One of the key features of cooking dhansak is the slow preparation of the ingredients to make it and dhansak masala which has up to 15 different spices imbibed in it.. While cooking today we will use a few cheat codes so to speak to adjust it to be accessible and cook able by a greater mass. As always the cooking starts with collecting of ingredients and to cook a portion catering to about 6 people and a bit we need the following :

  • Toor dal (yellow pigeon pea) 2 cups
  • Moong dal (split mung beans) 1 cup
  • Masoor dal (split red lentils) 1 cup
  • Onions 2 small
  • Ginger-garlic paste 2 table spoon
  • Turmeric powder 2 tea spoons
  • Red chilli powder 2 tea spoons
  • Garam masala 2 tea spoons
  • Dry dhansak masala powders 2 tea spoons
  • Methi (Fenugreek ) seeds 2 tea spoons
  • Pumpkin 1 small slice
  • Capsicum 1 medium
  • Brinjal 2 small
  • Mutton 1 kg
  • Salt to taste
  • Juice of 1 lemon


Preparation of the dish starts previous night with the dal being washed and soaked in water overnight to let it expand. The meat is also best marinated with the ginger garlic paste and left overnight so that the meat is tender. The veggies are also properly chopped into small pieces before we start cooking. Now boil the mutton in a big pot adding a bit of oil. This may also be done is a pressure cooker where you steam for 3 whistles or just by covering the pot and heating over a low heat for about 20 minutes. Once steamed the mutton is set aside along with the stock for later use.

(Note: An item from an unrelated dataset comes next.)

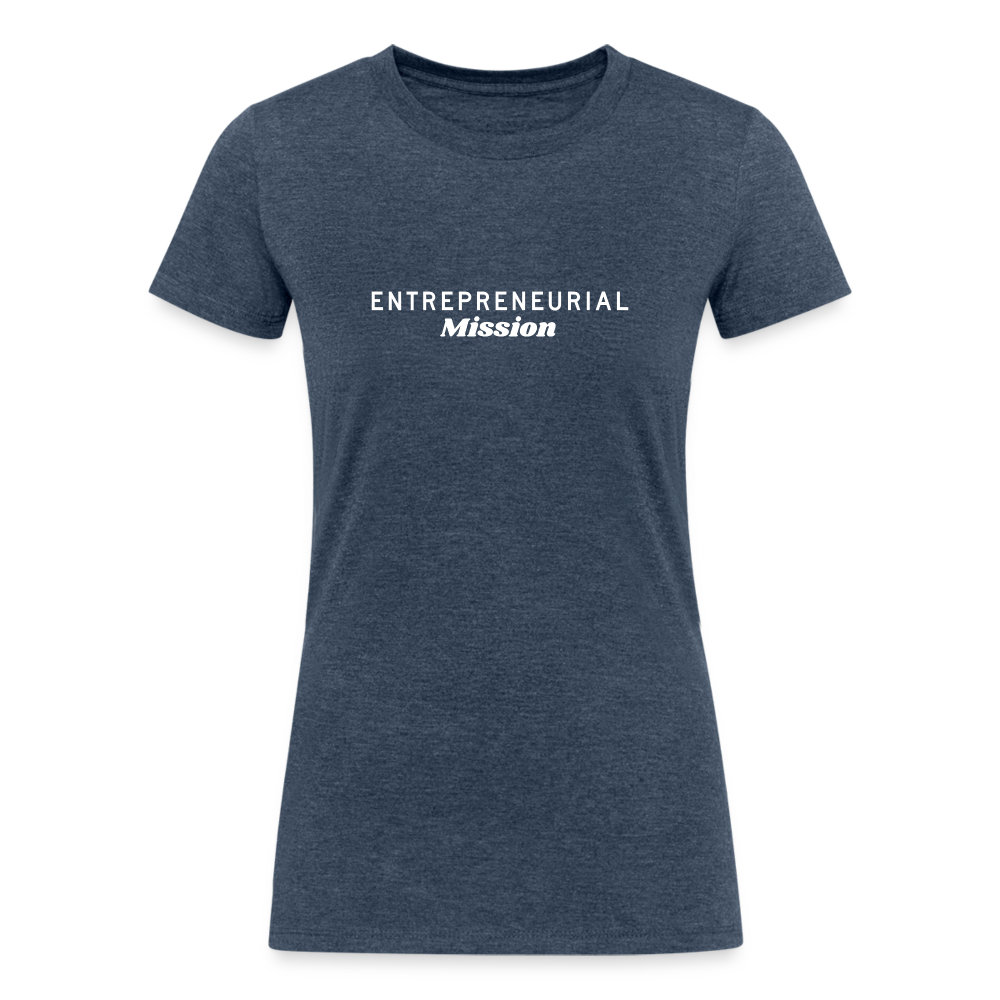 Entrepreneurial Mission Fitted Organic Tri-Blend Shirt - heather navy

To begin cooking take a big pressure cooker heat oil and sauté onions in it till they become golden brown. Add ginger garlic paste of about 1 tea spoon and salt to taste while sautéing. Now add the dhansak masala powder along with the turmeric powder, red chilli powder, garam masala and the methi seeds to it and mix evenly. Once the masala is thoroughly mixed with the browning onions add the vegetables into the mix. Stir frying the vegetables till they become semi soft take care to mix the masala evenly.

Now add the various forms of dal into it and add about 4 cups of water to it. Now close the cooker and steam it for 3 whistles and then leave it to simmer for about 10 more minutes on a low flame. Now transfer this into a big pot and using a hand blender blend the dal till it becomes smooth. You can add chicken stock to make the broth reach a desired consistency from the very thick form it is in. Add the chicken to the broth now and let it cook on a low flame for about 10 more minutes. Your dhansak is almost ready. Once it comes to boil add the lemon juice to the broth, transfer to a serving boil and serve it with brown caramelized rice and a side of kachumbar salad.


Like all dishes I do suggest my mom’s best ingredient to this dish. Add a dash of love for the one’s you cook and a smile in happiness for them while you cook and see how their noses drag them to the kitchen. Bon appétit.